==== Data to process ====

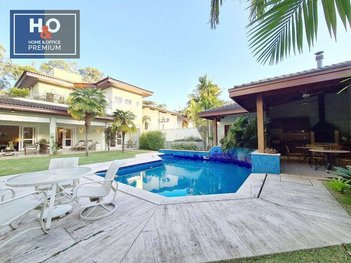 house em Rua Visconde de Porto Seguro, Jardim dos Estados - São Paulo - SP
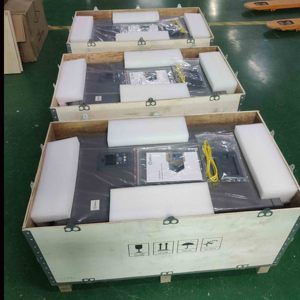 Aikon PDE-22kw Three Phase 22kw AC Drive Frequency Converter VFD for Motor <b>Speed</b> <b>Control</b> and Compressor CE Certified PDE-22kw Hi - Product Image 5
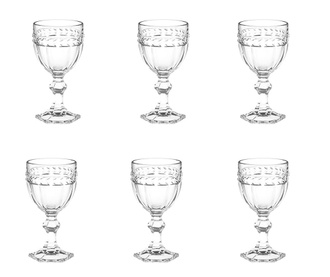 Set 6 čaša za vino Foglia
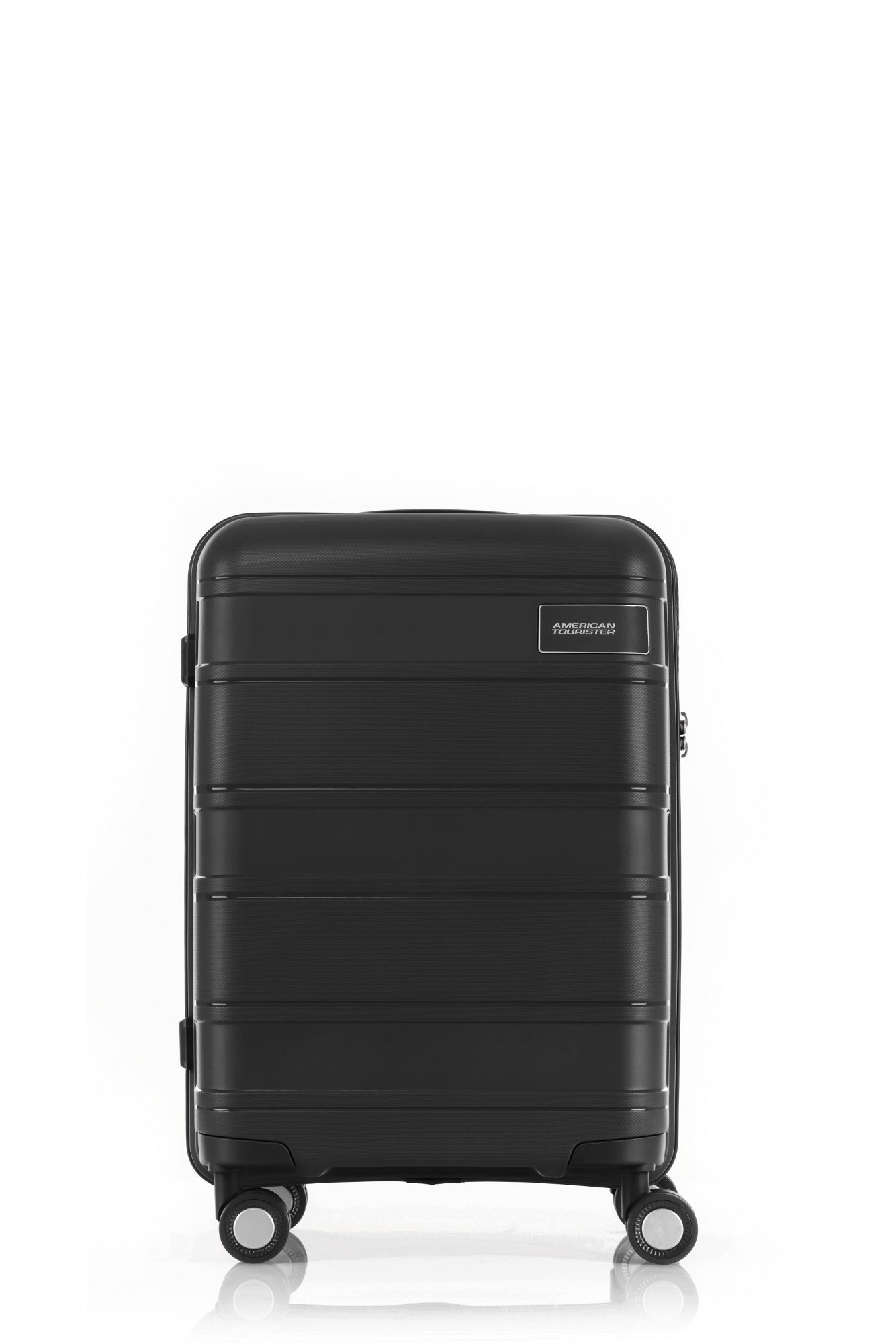 AMERICAN TOURISTER กระเป๋าเดินทางล้อลาก(20นิ้ว) รุ่น LITEVLO SPINNER 55/20 TSA ราคา 2,970 บาท*ส่งฟรี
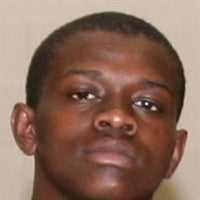 Charles Green mugshot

====

** Exercise instructions **
Please transcribe word for word the lines from the one bearing "Set 6 čaša za vino Foglia" through the last line of the records above, omitting the pictures.

** Reply **
 Set 6 čaša za vino Foglia
 AMERICAN TOURISTER กระเป๋าเดินทางล้อลาก(20นิ้ว) รุ่น LITEVLO SPINNER 55/20 TSA ราคา 2,970 บาท*ส่งฟรี
 Charles Green mugshot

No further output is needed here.